• _RAW DATA_
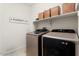 Functional laundry room with modern appliances, a shelf, and stylish decor at 26947 W Adam Ave, Buckeye, AZ 85396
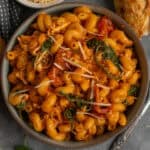 Crock pot marry me chicken pasta in a bowl with bread in the background.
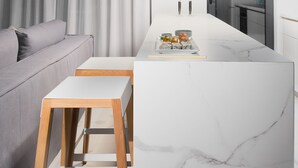 A modern kitchen with a marble countertop, wooden stools, and pendant lighting. - Elysium Boutique Apartments (Zografos)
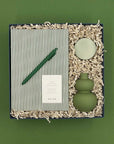 Thoughty Mint Condition gift box with sage green ceramic bud vase, Goa travel tin candle, green striped Notem notebook, and matching gel pen.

• _PROBLEM DETAILS_
Reproduce the material above in full, exactly, with no images.

• _EXERCISE RESPONSE_
 Functional laundry room with modern appliances, a shelf, and stylish decor at 26947 W Adam Ave, Buckeye, AZ 85396
 Crock pot marry me chicken pasta in a bowl with bread in the background.
 A modern kitchen with a marble countertop, wooden stools, and pendant lighting. - Elysium Boutique Apartments (Zografos)
 Thoughty Mint Condition gift box with sage green ceramic bud vase, Goa travel tin candle, green striped Notem notebook, and matching gel pen.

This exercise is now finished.